Last week John MacArthur (pastor of Grace Community Church and president of The Master’s Seminary), hosted the “Strange Fire” conference denouncing the Pentecostal/Charismatic movement and accusing them of opening the door to “aberrant theological error”. The conference served as a launching point for the upcoming release of his book of the same title. If you want to learn more you’ll find links to a number of stories here, including a commentary by David Hayward, who drew the cartoon in this post. (One interesting turn of events was that Mark Driscoll turned up, tried to sell his books and apparently was asked to leave.)
I don’t know as much about the Pentecostal movement as I should.
I do know that in their experiences as long-term Baptist missionaries to Japan my parents sometimes witnessed the moving of the Spirit in ways that are not the norm here in the West; for example, the exorcism of demons and speaking in tongues. I also know that the movement has a long-standing history of including women as equal partners in ministry, stemming primarily from the belief that spiritual gifts are not distributed by gender, a belief also foundational in egalitarian theology. While I’m sure the charismatic movement has it extremes and outliers just like any other movement, I respect and love these brothers and sisters in Christ and resent MacArthur’s characterization of them as a movement which has nothing good to offer the church. (Yes, he really did say this. You can find a complete transcript here.)
I think it’s odd for MacArthur to denounce Paul’s extensive teaching on spiritual gifts as not relevant today, yet embrace a few verses that appear to restrict women’s full participation in church leadership.

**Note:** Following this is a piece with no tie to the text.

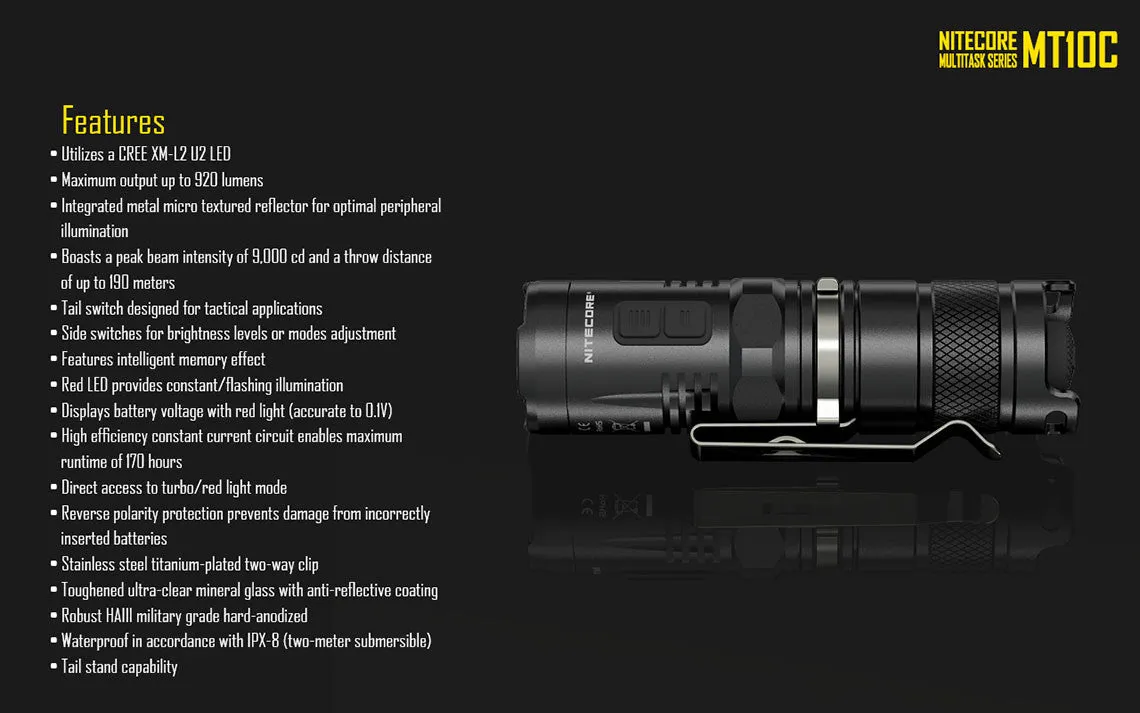 Nitecore MT10C CREE XM-L2 U2 LED Flashlight - 920 Lumens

A document on biblical eldership on the Grace Community Church website says this: “In addition, the office of elder is limited to men. 1 Timothy 2:11-12 says, ‘Let a woman quietly receive instruction with entire submissiveness. But I do not allow a woman to teach or exercise authority over a man, but to remain quiet.’ In the church, women are to be under the authority of the elders, excluded from teaching men or holding positions of authority over them.” A similar statement is found on the college website.
I thought maybe I was missing something here, so yesterday afternoon I read through all of Paul’s New Testament letters to try and get a sense of the whole of his teaching on spiritual gifts. I noticed that there are more than 70 verses containing Paul’s teaching on spiritual gifts*, but just 6 verses about women speaking**, and those verses are highly contested.
For example, some have suggested that 1 Corinthians 14:34-35 may have been added in later, or that Paul is quoting these words to make just the opposite point. Most English translations make a note of this in the margins or put these verses in parentheses. (You can find a lengthy discussion of this passage and the various concerns about it here.) And in addition to the translation difficulties of 1 Timothy 2:11-15, there are legitimate reasons to believe that this passage was written to address a specific situation in a specific church about a specific misuse of authority***; and perhaps even about a specific woman.
Yet MacArthur would have us believe that the charismatic gifts are no longer relevant for the Church today, but questionable “restrictions” on women are.
I’m not a theologian, but as I noted in a recent post on women in church leadership, this seems like very shaky ground on which to build church doctrine.
*Paul’s teaching on spiritual gifts (73 verses): Romans 1:11-12, 12:6-8, 1 Corinthians 2:14, 12:1-31, 1 Cor 14:1-33, Ephesians 4:11-13.
**There are actually more verses about women speaking, but they support women’s participation, not restrict it. Some examples are 1 Corinthians 11:5 and 1 Corinthians 14:26-27.
***The word “authentein”, translated in 1 Timothy 2:12 as “authority” is only used once in the Bible and is now understood to refer to the inappropriate use of authority.